Exercise data below:
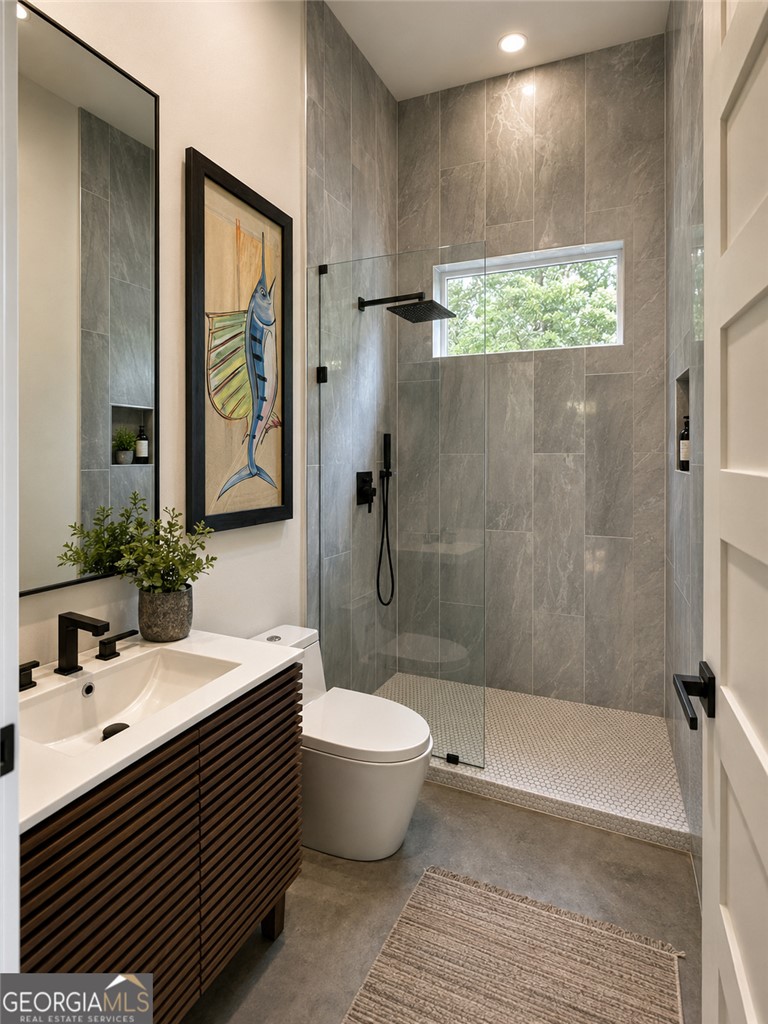 280 Hidden Point Road Hartwell, GA 30643 - Photo 21 of 46 A well-appointed bathroom with sleek gray tiling and a glass-enclosed shower.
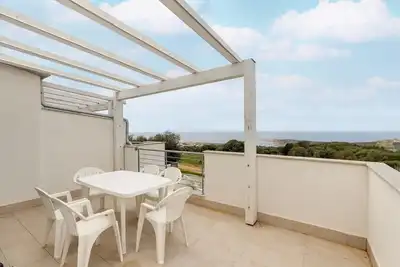 Image de Terrazza, aria condizionata e posto auto privato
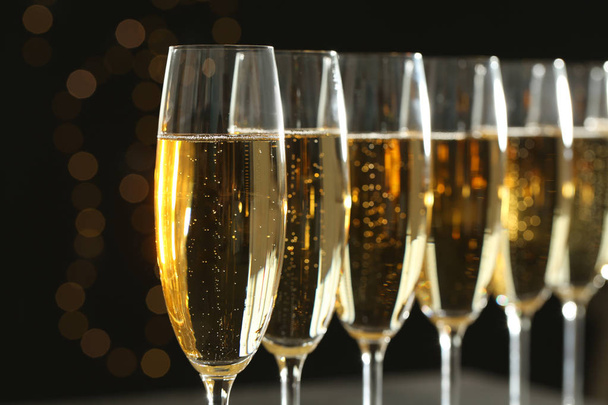 Many glasses of champagne on blurred background, closeup - Фото, изображение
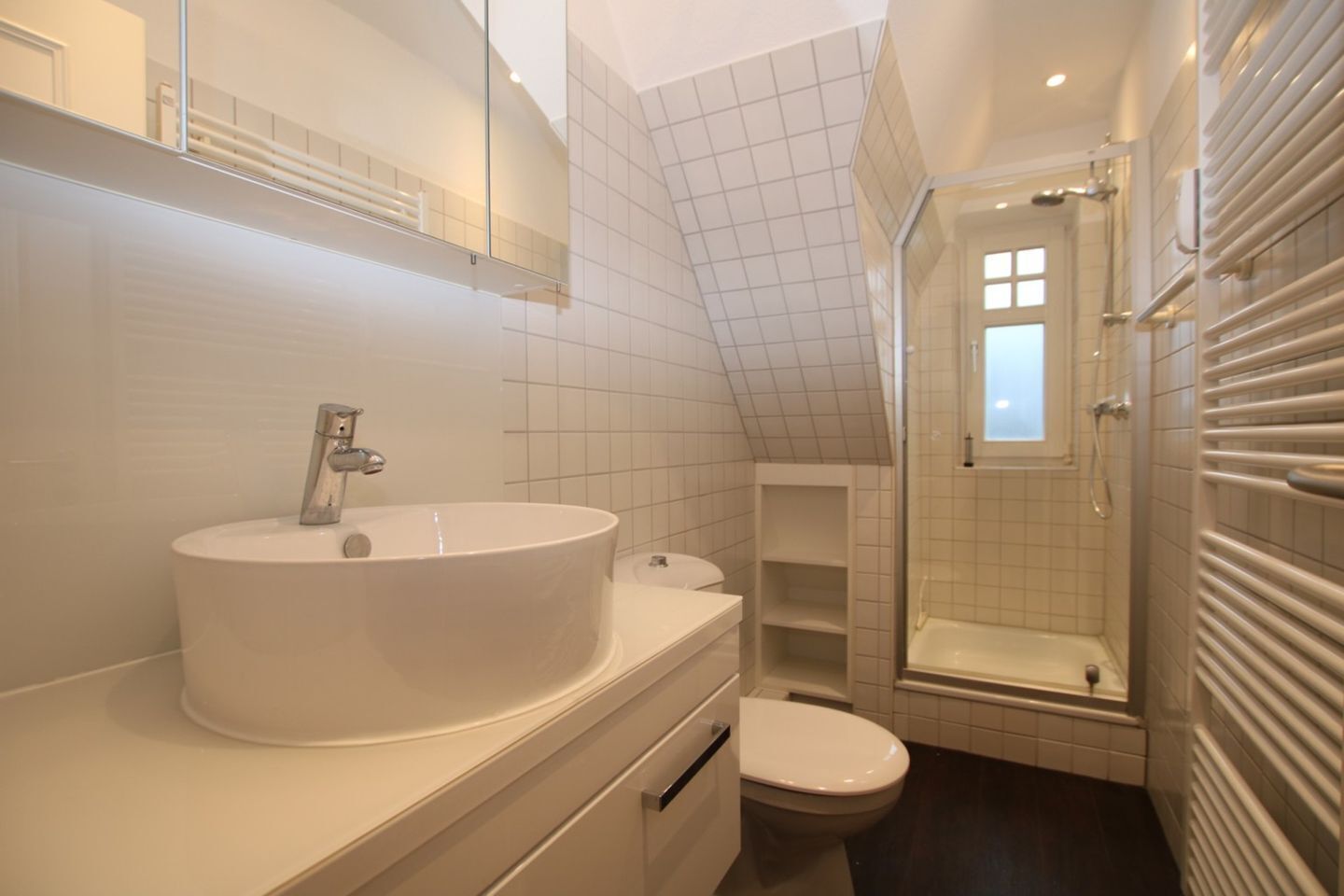 Ein modernes Badezimmer mit einem großen Waschbecken, Toilette und barrierefreier Dusche.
End of Exercise data.
What you should do
Drop the images and return the data verbatim.

Answer to the problem
 280 Hidden Point Road Hartwell, GA 30643 - Photo 21 of 46 A well-appointed bathroom with sleek gray tiling and a glass-enclosed shower.
 Image de Terrazza, aria condizionata e posto auto privato
 Many glasses of champagne on blurred background, closeup - Фото, изображение
 Ein modernes Badezimmer mit einem großen Waschbecken, Toilette und barrierefreier Dusche.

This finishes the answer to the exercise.